Chronicles Of Campus Fashion
Published: Wednesday, February 17, 2010
Updated: Wednesday, January 9, 2013 19:01
I asked roommates Ali Miller, A&S '12, and Nina Stingo, CSOM '12, of Walsh 120 to speak about their personal style because I saw a picture of them on Facebook. Here's what they had to say:
Q: How do you think your style may have changed since becoming roommates?
AM: I don't think our style changed necessarily, but it's nice to have Nina. We borrow each other's clothes when we're picking out our outfits, we get each other's advice on what to wear.
NS: I honestly feel like last year I could dress myself better, because this year I'm always like "Ali! Does this look good?"
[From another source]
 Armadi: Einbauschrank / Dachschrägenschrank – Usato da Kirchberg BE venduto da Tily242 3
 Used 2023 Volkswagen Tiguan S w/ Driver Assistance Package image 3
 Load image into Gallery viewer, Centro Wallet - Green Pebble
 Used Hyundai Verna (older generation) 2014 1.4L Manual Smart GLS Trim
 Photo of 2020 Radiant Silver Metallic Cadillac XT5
Q: Describe your own personal style.
NS: Can I describe Ali's? I think that Ali's personal style is ... what she does really well is pairing things together that I don't think most people would feel confident enough to try to together, like a skirt with Converse or brown boots with black pants. And it looks effortless. It's not like one day, "Oh, I'm gonna try and do this." Every day she has this consistent personal style.
AM: I think it's interesting because I don't I think I could pull off what you [Nina] wear at all. All of your pieces are so distinct. You have some beautiful tops — lots of ruffles, details. Also, I don't know if it's the business school thing, but you look very clean cut.
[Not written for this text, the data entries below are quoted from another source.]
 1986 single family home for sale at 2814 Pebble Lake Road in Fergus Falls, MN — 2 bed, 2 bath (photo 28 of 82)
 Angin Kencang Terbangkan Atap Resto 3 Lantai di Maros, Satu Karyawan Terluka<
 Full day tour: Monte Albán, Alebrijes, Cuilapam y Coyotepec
NS: Yeah, you look more like an English major [laughs] but in the best possible way!
AM: I have a question for Nina: How do you think going to an all-girls' school with a uniform influenced your style?
NS: Well, going to an all-girls' school is bizarre, because even when you wear a uniform, you're trained to find ways to be unique within the restrictions.
AM: I mean for me, going to public school, I felt like I had to come up with something new to wear every day. Not that it was a competition between all the girls, because girls would notice if you wore the same outfit twice in one week. I guess that's why I had to be a little creative with the same pieces, because I don't have an unlimited wardrobe.
Q: Nina, did you have "Best-Dressed" at your school?
NS: No. We didn't have that award.
Q: Ali, you won that, right?
AM: [reluctantly] ... yeah, I mean, I don't like that. I just think it sounds so superficial. I mean, the outfits I put together aren't me wanting to look better than anyone else, it's just something fun to do. It's your own way to be creative every single day.
NS: For me, I try hard to pick out an outfit, but by 10:00 the next day, the morning that I'm wearing it, I hate it. But then, every once in a while you find something, and it's perfect.
Q: How do you see yourself dressing in 10 years?
NS: [laughs] I've always kind of envied when you see movies and you see these powerful corporate women. Yeah ... I wanna do that a little bit, but maybe not every day, but occasionally. On a day to day basis, I'd ideally like to see myself wearing what I wear now.
Q: Ali, yourself?
NS: Mom sweatpants ... mom pants.
AM: [laughs] So I'll be 30 ... I don't know! I don't want to change the way I dress. I want to have the same style, I guess a little more grown up. I mean, I think what happens is I'll be shopping at different stores — I don't see myself shopping at H&M or Urban Outfitters.
NS: Maybe that's why our styles are so different. I shop at a lot of stores like Banana Republic or Anne Taylor Loft ... because I try to find clothes that I could pair with business pants and a cardigan, or I could pair it with jeans and dress it down.
AM: That's my problem. When I shop, I'm very spontaneous, I never care about pieces in relation to other pieces I own. So, I see a dress and think, "I like that." I guess that's why my outfits are, not mismatched, but I guess atypical ... just not always very coherent.